In [1]:
import weaviate
from weaviate.classes.config import Configure, Property, DataType
from weaviate.classes.query import Filter
from weaviate.util import generate_uuid5
import subprocess
from contextlib import contextmanager
from typing import List, Union
from tqdm import tqdm
import joblib
import re
from pprint import pprint
import os

### The Weaviate Client

```Python
import weaviate
client = weaviate.connect_to_embedded(
    version="1.26.1",
    headers={
        "X-OpenAI-Api-Key": YOUR_OPENAI_API_KEY
    },
)
```

In [3]:
@contextmanager
def suppress_subprocess_output():
    """
    Context manager that suppresses the standard output and error 
    of any subprocess.
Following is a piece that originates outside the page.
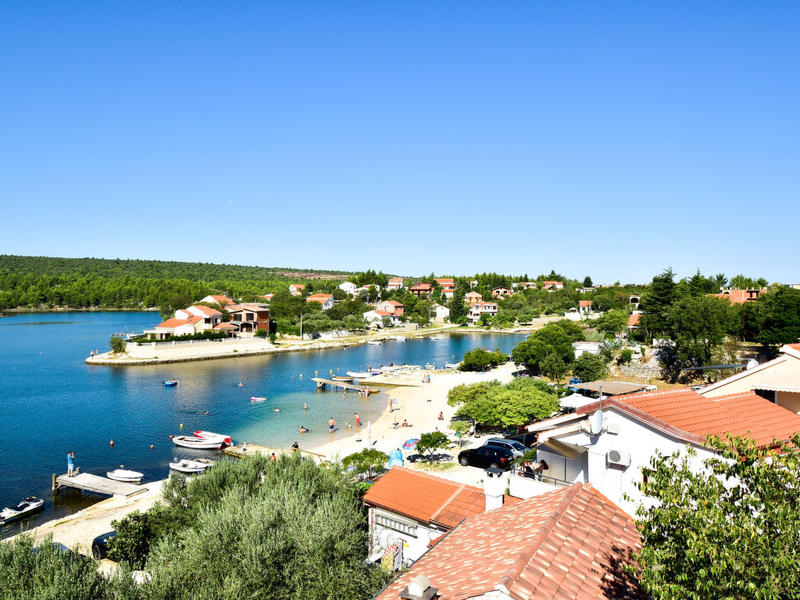 Maison / Résidence de vacances|Vrulja|Dalmatie du nord|Novigrad (Zadar)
Popen calls within this context.
    """
    # Store the original Popen
    original_popen = subprocess.Popen

    def patched_popen(*args, **kwargs):
        # Redirect the stdout and stderr to subprocess.DEVNULL
        kwargs['stdout'] = subprocess.DEVNULL
        kwargs['stderr'] = subprocess.DEVNULL
        return original_popen(*args, **kwargs)

    try:
        # Apply the patch by replacing subprocess.Popen with patched_popen
        subprocess.Popen = patched_popen
        # Yield control back to the context
        yield
    finally:
        # Ensure that the original Popen method is restored
        subprocess.Popen = original_popen


In [19]:
with suppress_subprocess_output():
    client = weaviate.connect_to_embedded(
        persistence_data_path="./.collections",
        environment_variables={
            "ENABLE_API_BASED_MODULES": "true",
            "ENABLE_MODULES": 'text2vec-transformers, reranker-transformers', # We will be using a transformer model
            "TRANSFORMERS_INFERENCE_API":"http://127.0.0.1:5000/", # The endpoint the weaviate API will be using to vectorize
            "RERANKER_INFERENCE_API":"http://127.0.0.1:5000/" # The endpoint the weaviate API will be using to rerank
        }
    )

In [4]:
def print_properties(item):
    print(
        json.dumps(
            item.properties,
            indent=2, sort_keys=True, default=str
        )
    )

In [5]:

def print_object_properties(obj: Union[dict, list]) -> None:
    t = ''
    if isinstance(obj, dict):
        for x, y in obj.items():
            if x == 'article_content':
                t += f'{x}: {y[:100]}...(truncated)\n'
            elif x == 'main_vector':
                t+= f'{x}: {y[:30]}...(truncated)\n'
            elif x == 'chunk':
                t+= f'{x}: {y[:100]}...(truncated)\n'

            else:
                t+= f'{x}: {y}\n'
    else:
        for l in obj:
            for x, y in l.items():
                if x == 'article_content':
                    t += f'{x}: {y[:100]}...(truncated)\n'
                elif x == 'main_vector':
                    t+= f'{x}: {y[:30]}...(truncated)\n'
                elif x == 'chunk':
                    t+= f'{x}: {y[:100]}...(truncated)\n'

                else:
                    t+= f'{x}: {y}\n'
            t += "\n\n"
        
    print(t)

Creating a collection, adding elements to it and querying over it.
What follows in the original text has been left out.